(TASK DESCRIPTION): Return only the lines from the top of the data down to the one that holds "可愛卡通小朋友們聚在一起學(xué)英語(yǔ)手抄報(bào)wps", both included, without any pictures.

(SOURCE RECORDS):
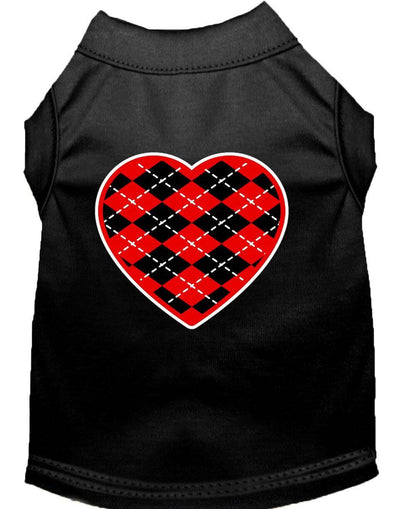 Pet Shirt "Argyle Heart Red"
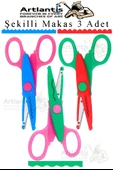 Şekilli Makas Metal Plastik Kaplamalı 3 lü 1 Paket Desenli Tırtıklı Şekilli Kesen Makas Seti Güvenli Çocuk Okul Öncesi - 1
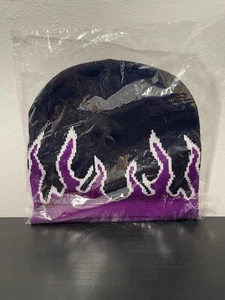 Black Flames Beanie NEW SEALED Hat Knit Men’s Unisex Purple Fire Y2K - Picture 1 of 2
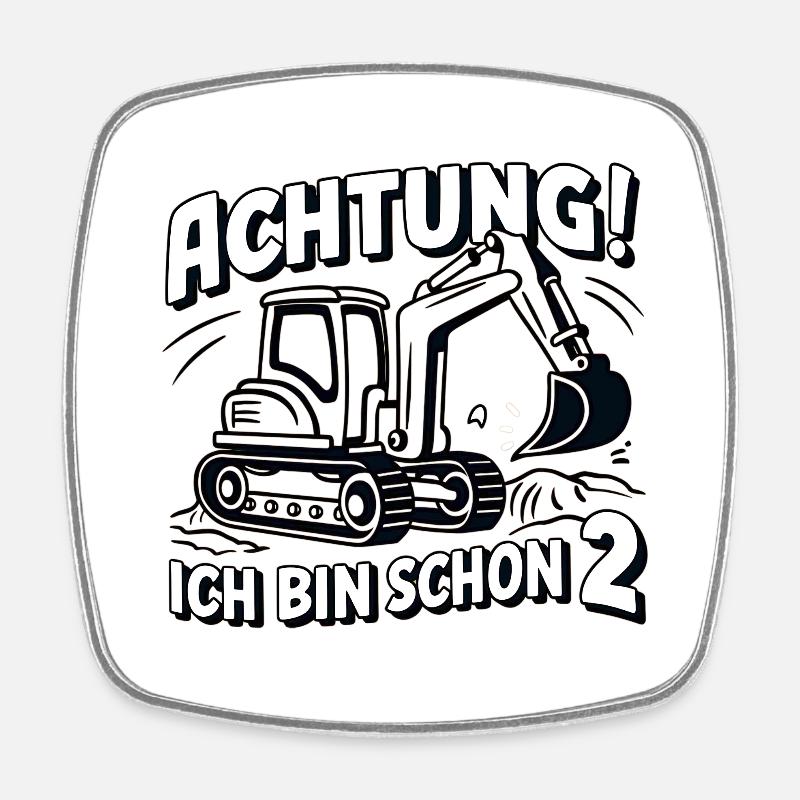 Ich bin schon 2 - Bagger - Viereckiger Kühlschrankmagnet - Weiß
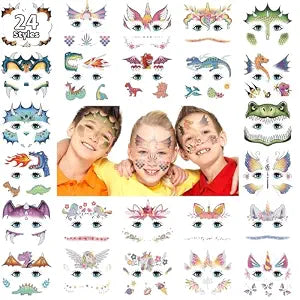 Partywind Face Temporary Tattoos for Kids
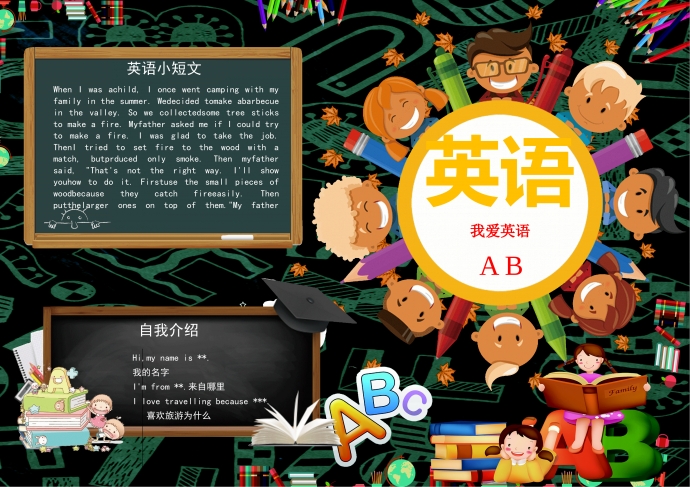 可愛卡通小朋友們聚在一起學(xué)英語(yǔ)手抄報(bào)wps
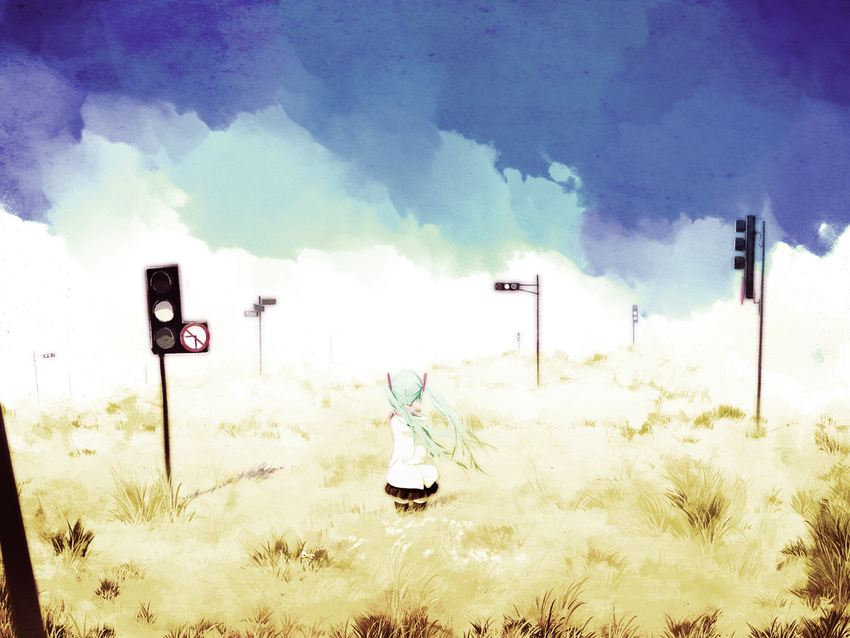 cloud from_behind hatsune_miku irena long_hair skirt sky solo thighhighs traffic_light twintails vocaloid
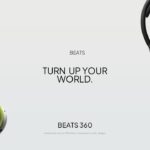 Beats 360 Brand Closing Tagline Template - Lime green and black headphones at diagonal corners framing bold centered TURN UP YOUR WORLD headline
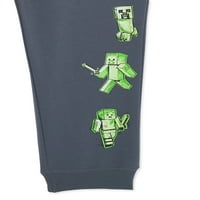Minecraft Erkek İki Tonlu Grafik Kapüşonlu ve Jogger Pantolon Seti, 2 Parça, Beden XS-XXL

(EXERCISE RESULT):
 Pet Shirt "Argyle Heart Red"
 Şekilli Makas Metal Plastik Kaplamalı 3 lü 1 Paket Desenli Tırtıklı Şekilli Kesen Makas Seti Güvenli Çocuk Okul Öncesi - 1
 Black Flames Beanie NEW SEALED Hat Knit Men’s Unisex Purple Fire Y2K - Picture 1 of 2
 Ich bin schon 2 - Bagger - Viereckiger Kühlschrankmagnet - Weiß
 Partywind Face Temporary Tattoos for Kids
 可愛卡通小朋友們聚在一起學(xué)英語(yǔ)手抄報(bào)wps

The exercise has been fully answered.